━━ Given records ━━
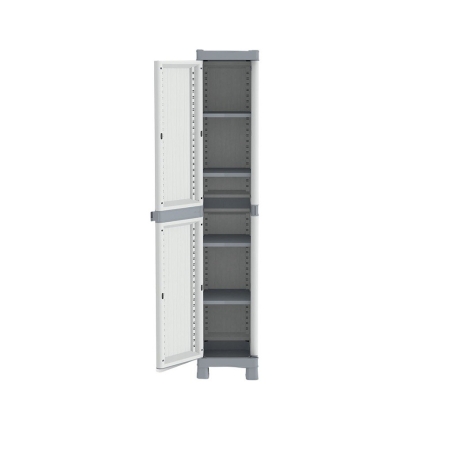 Armario resina wavebase 2350r taquillero - Suinplas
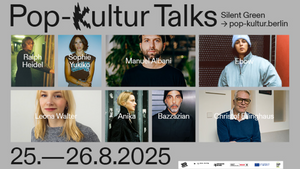 Kat Frankie & Jan Werner • Pop-Kultur Festival Berlin 2025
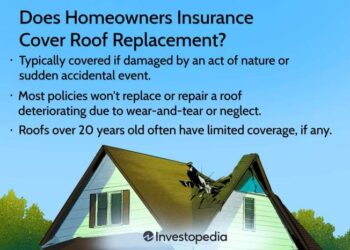 How To Get Insurance To Pay For Roof Replacement | 2024 Guide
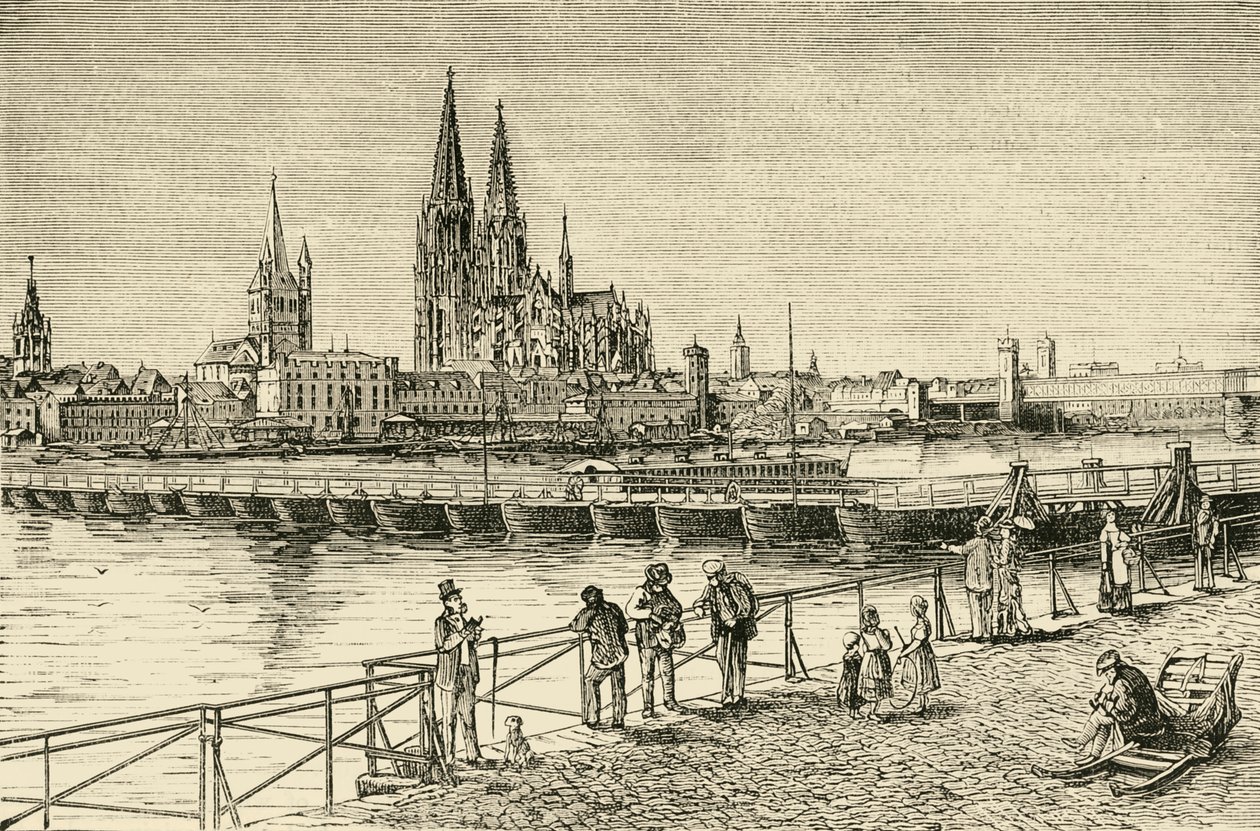 Cologne, 1890 - Unbekannt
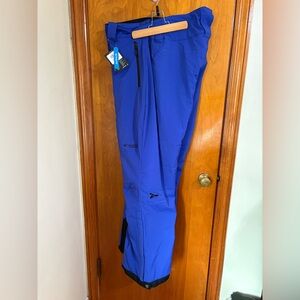 NWT Columbia Cirque Bowl Insulated Omni Tech Snow Pants 3X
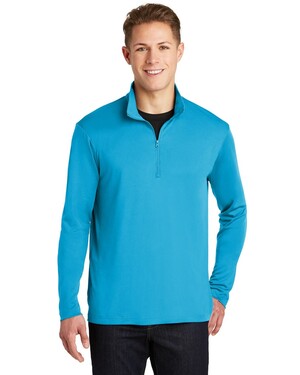 PosiCharge  Competitor  1/4-Zip Pullover.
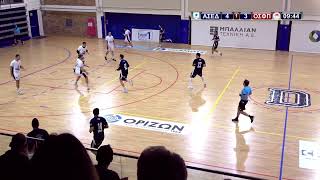 202425 Handball Premier ΑΣΕ ΔούκαΟλυμπιακός ΣΦΠ  Όμιλος ΞΥΝΗ 19112024 [upl. by Ocirderf928]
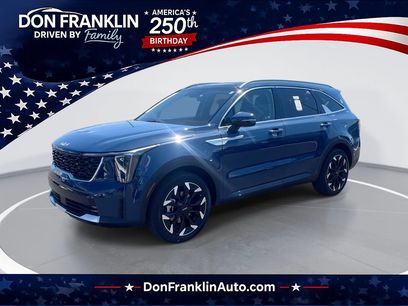 Used 2025 Kia Sorento EX w/ Panoramic Sunroof Package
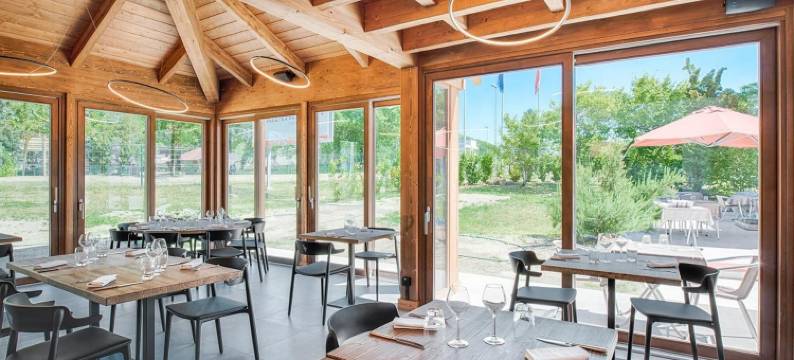 克雷尚普酒店(La Clé des Champs)图片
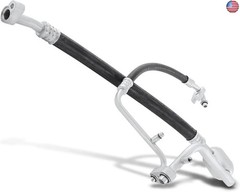 A-Premium A/C Suction Hose & Discharge Line Hose Assembly Compatible with
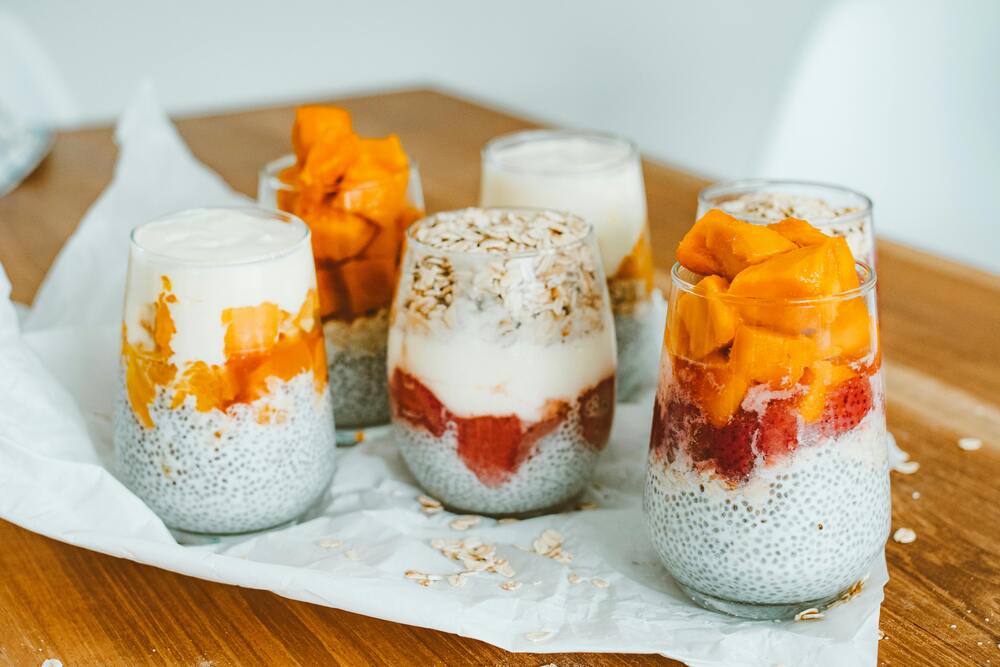 Herzgesunde Ernährung Rezepte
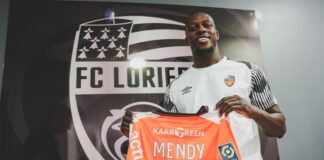 Benjamin Mendy: French defender signs two-year contract with FC Lorient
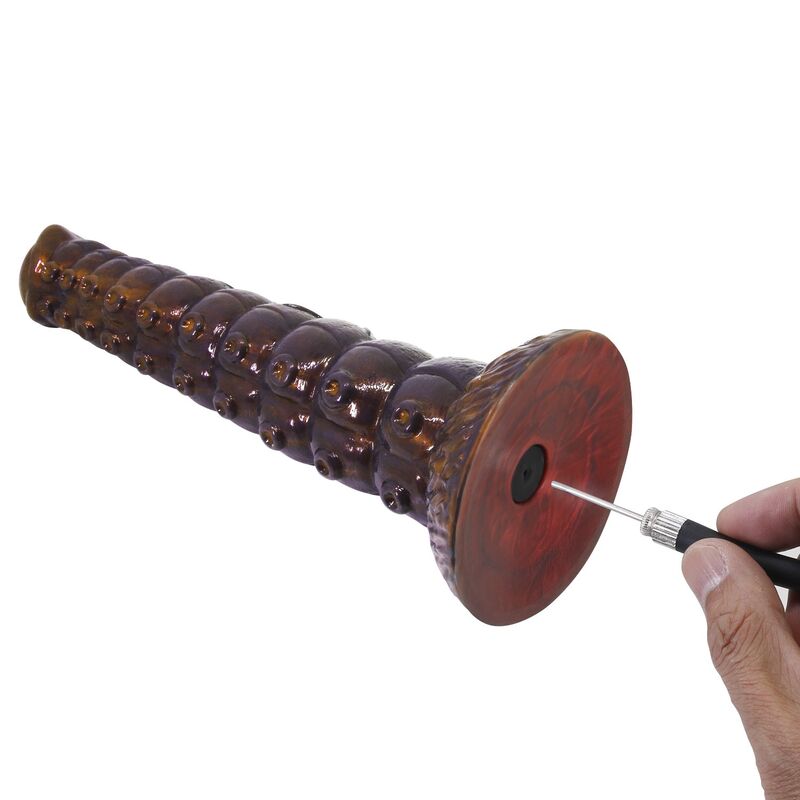 Dildo Gonfiabile POWER MONSTERS Voidclaw Brute — Bicolore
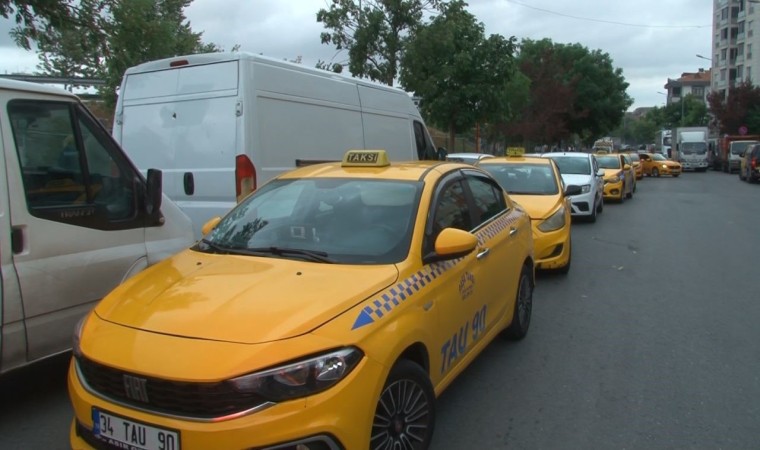 Taksimetre güncelleme işleminde son güne gelindi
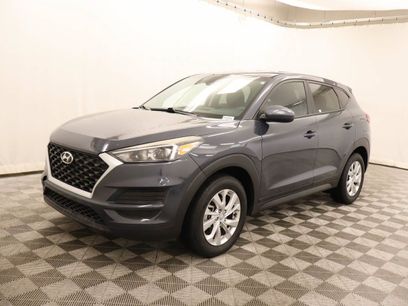 Used 2019 Hyundai Tucson SE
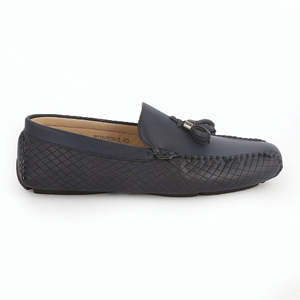 Zapatos Mocasines para Hombre (HM180805-3) - Azul Marino - Azul Marino/Azul - Product Image 3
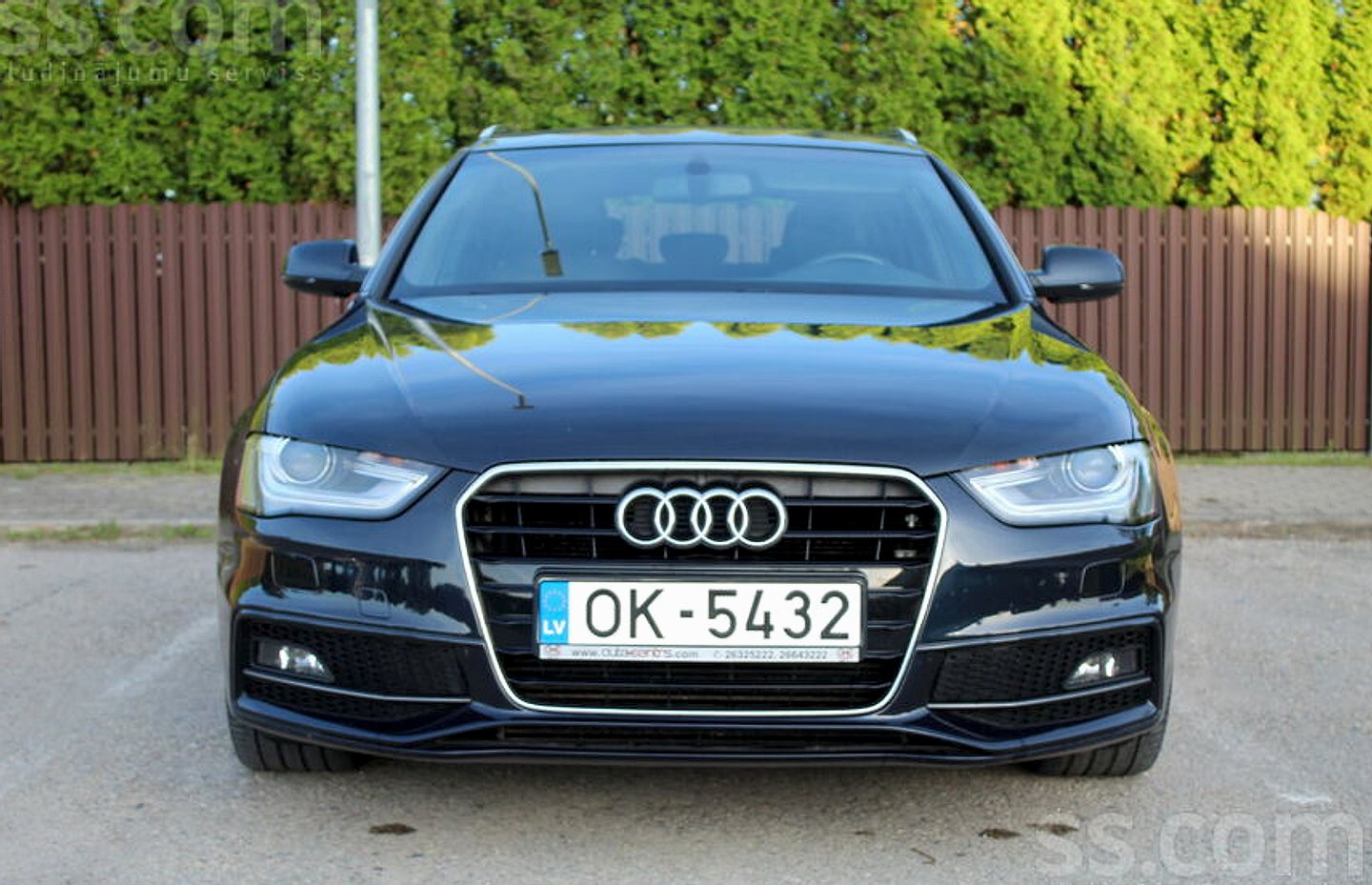 Audi A4 — foto 2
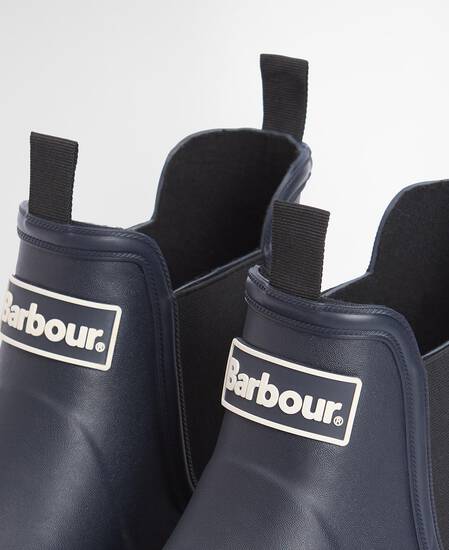 Nimbus Wellingtons Navy/Black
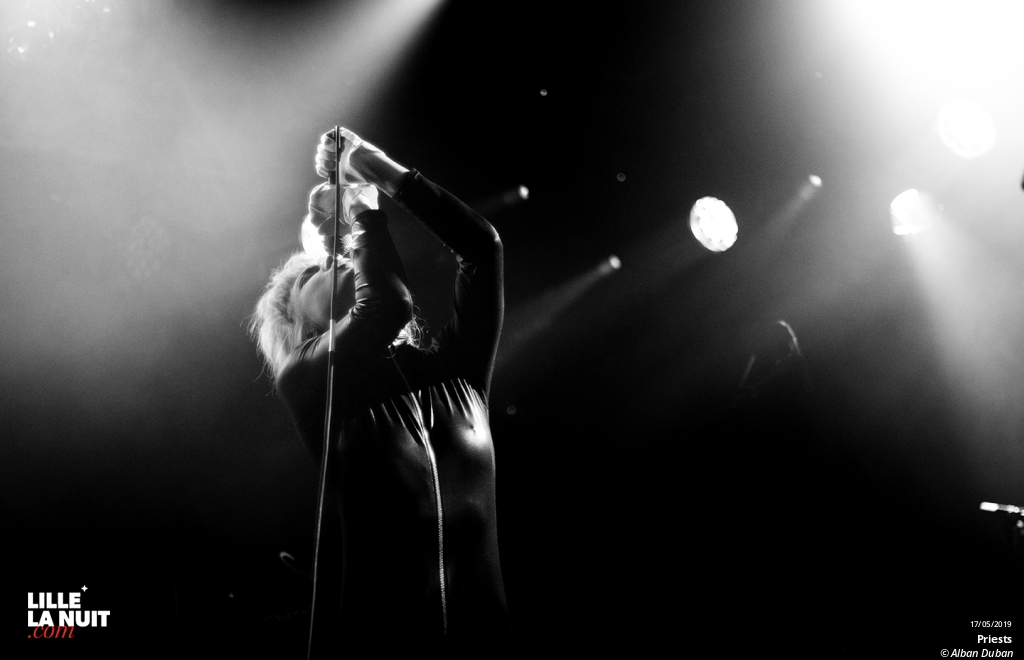 Priests + Pi Ja Ma + Okala + Shane Mc Weed à l’Aéronef en live - photo n°6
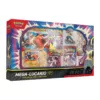 Pokemon Mega-Lucario ex Figuren Kollektion DE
━━━
• Task objective: Among the entries above, find the line with "Kat Frankie &" and repeat exactly from there through the line with "Taksimetre güncelleme işleminde", leaving out the pictures.

• Worked solution:
 Kat Frankie & Jan Werner • Pop-Kultur Festival Berlin 2025
 How To Get Insurance To Pay For Roof Replacement | 2024 Guide
 Cologne, 1890 - Unbekannt
 NWT Columbia Cirque Bowl Insulated Omni Tech Snow Pants 3X
 PosiCharge  Competitor  1/4-Zip Pullover.
 202425 Handball Premier ΑΣΕ ΔούκαΟλυμπιακός ΣΦΠ  Όμιλος ΞΥΝΗ 19112024 [upl. by Ocirderf928]
 Used 2025 Kia Sorento EX w/ Panoramic Sunroof Package
 克雷尚普酒店(La Clé des Champs)图片
 A-Premium A/C Suction Hose & Discharge Line Hose Assembly Compatible with
 Herzgesunde Ernährung Rezepte
 Benjamin Mendy: French defender signs two-year contract with FC Lorient
 Dildo Gonfiabile POWER MONSTERS Voidclaw Brute — Bicolore
 Taksimetre güncelleme işleminde son güne gelindi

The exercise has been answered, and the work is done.